É uma gota de universo;

será decerto um poema;

porventura branda inquietação;

é janela clara e alucinante

onde o olhar se afunda,

as gaivotas florescem,

e o mar respira o sopro das luas.

 

 

15
Mai23

As Andorinhas e a Ria

Joaquim Morais

 

 

 

 

 

  Não buscam caranguejos, nem moluscos, tão pouco vermes, ou outros em que a lama da ria é fértil.

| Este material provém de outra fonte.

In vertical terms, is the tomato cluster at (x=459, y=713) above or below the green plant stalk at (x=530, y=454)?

  As andorinhas ocupam um baixio que a vazante deixou a descoberto, e debicam o lodo tal como as aves aquáticas ao seu lado, como se da procura de alimento se tratasse. O que as move e faz diligentes no afã que envolve o pequeno bando, não tem a ver com gastronómicos intentos.

 

  Chegaram como sempre com a primavera. Deixam África onde passam o inverno, quando o desconforto climático, eventualmente a escassez de alimentos, ou outras razões menos explícitas mas não menos importantes a isso obrigam, e têm o regresso agendado ao mesmo continente, a partir de setembro pelas mesmas razões. Movidas por questões de sobrevivência, seguem os ditames do instinto, que as conduzem por extensas rotas migratórias, e conseguem a proeza de chegar ao lugar pretendido sem auxílio de qualquer tecnologia.

 

  Orientam-se, é suposto, recorrendo à posição do sol e das estrelas; dizem entendidos, que talvez percebam o campo electromagnético da terra; e com razoável grau de certeza, valendo-se da memória para referenciar pontos visuais em percursos repetidos. Para os que inauguram a viagem, basta seguir os adultos que a realizaram antes e fazer dela o prefácio duma aventura que a sua frágil compleição não faria supor.

 

  Mas voltemos à ria e ao baixio que convocou a surpresa, ou nem por isso. Não sendo alimento a razão desse esgravatar, percebi desde muito jovem que afinal as andorinhas apenas acautelam o futuro, como progenitores cuidados e responsáveis. A lama com que preenchem os bicos, destina-se à construção dos ninhos, e andará à volta do milhar, as vezes a que esse vai vem obriga para a sua conclusão.

 

  Organizadas, pacientes e sem a pressão do calendário e do relógio humanos, cumprem-se ainda de acordo com naturais desígnios, e enquanto o permitir o precário equilíbrio do planeta.

 

 

 

 

 

As andorinhas plantam a ria no beiral.

Trazem-na no bico,

suspensa da terra e dos beijos

com que amanham a leira branca do futuro.